Videlicet

What is Videlicet™?

Videlicet™ is an Artifical Intelligence (AI)-enabled Information System. It can execute and measure the accuracy of one to many Prompts using one to many AI Large Language Models (LLMs), resulting in an archive that is searchable via patent-pending semantic search capabilities.

Videlicet is a historical archive, transcription, and search system that enhances users’ ability to find, read, and utilize primary sources. The project focuses on AI-enabled transcription and searching capabilites. Videlicet makes history more accessible, searchable, and encourages connections between the documents.

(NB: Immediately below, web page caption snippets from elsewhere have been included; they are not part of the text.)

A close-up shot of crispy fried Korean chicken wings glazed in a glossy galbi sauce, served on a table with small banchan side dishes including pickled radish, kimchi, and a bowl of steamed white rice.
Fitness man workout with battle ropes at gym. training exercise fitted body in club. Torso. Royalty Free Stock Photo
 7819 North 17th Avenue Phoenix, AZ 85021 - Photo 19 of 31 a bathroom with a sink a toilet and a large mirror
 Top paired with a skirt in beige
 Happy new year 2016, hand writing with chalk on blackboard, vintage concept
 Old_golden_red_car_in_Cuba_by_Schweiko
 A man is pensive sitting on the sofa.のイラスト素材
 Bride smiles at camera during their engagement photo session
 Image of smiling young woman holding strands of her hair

Currently, Videlicet makes over 50,000 documents searchable.

Videlicet Overview

Why Videlicet is unique:

Word searchable archive

Videlicet’s AI enabled Semantic Search (US Patent pending) extracts word meaning, rather than character matching, to create connections, trace trends, and identify relationships between documents. Videlicet is capable of conducting both semantic and keyword/full-text searching and caters to a diverse array of historical inquiries.

Better accuracy

Videlicet uses AI technology to transcribe handwritten, degraded, or irregularly formatted historical documents that are incompatible with modern transcription technology. Tools like Optical Character Recognition (OCR) struggle with Early Modern documents and do not always provide accurate transcriptions. AI LLMs are smart and adaptable, providing transcriptions that more accurately reflect the documents.

Extract any text

Videlicet has the ability to extract any text from any publication. For example, the text can be handwritten court records from the 1700s, Spanish shiplogs from the 1800s, and newpaper archives.

Extract whole sections

Videlicet has the ability to identify and extract sections of data from a page or series of pages. For example, if you ask Videlicet to find all the poems in the Maryland Gazette for the year 1799, it will return just the pages with poems from the publication and year.

Transcription accuracy

Videlicet employs a novel quality measurement evaulation system to ensure transcription and searching accuracy. AI can hallucinate. The Videlicet evaulation system returns level of accuracy between a human transcription and an AI transcription using Levenshtein distance.

How does Videlicet work?

Documents are collected, found, and scanned into the Videlicet archive.
Prompt engineers develop one or more prompts per dataset to instruct the LLM in transcription practices.
A subset of the documents are manually transcribed by people.
Evaluations are performed to compare the computer-transcribed and person-transcribed documents. The results are calculated using the Levenshtein distance.
Researchers iterate this process until the Levenshtein score shows accurate processing of the document.
The prompt is run against the full subset of documents. The results are stored in the database for user searches and research.
Documents are now available to search.

Semantic versus keyword search:

Overview

Semantic search: searching based in word meaning. Prioritizes synonyms and identifying relationships between words or phrases.

Keyword/full-text search: searching based on character matching. Identifies instances in the corpus that have a direct character match with the search term.

Example and uses for semantic search

A researcher is looking for all instances of an enslaved man named Parris, who ran away multiple times. The researcher wants to look at all the newspapers in the Videlicet database to determine how many times this man ran away, and how far he went. Parris’s name was spelled two different ways in the runaway ads: “Parris” or “Paris.”

Keyword searching will find all instances of the word “Parris,” which likely refers to the enslaved man. However, it will also pull every instance of “Paris,” resulting in many false hits for the French city. This obscures the runaway man and prevents meaningful connections to be made across datasets.

Semantic search will understand a search for “enslaved man named Paris,” and only return matching sections. The system understands that the search is not for the city, but a specific person.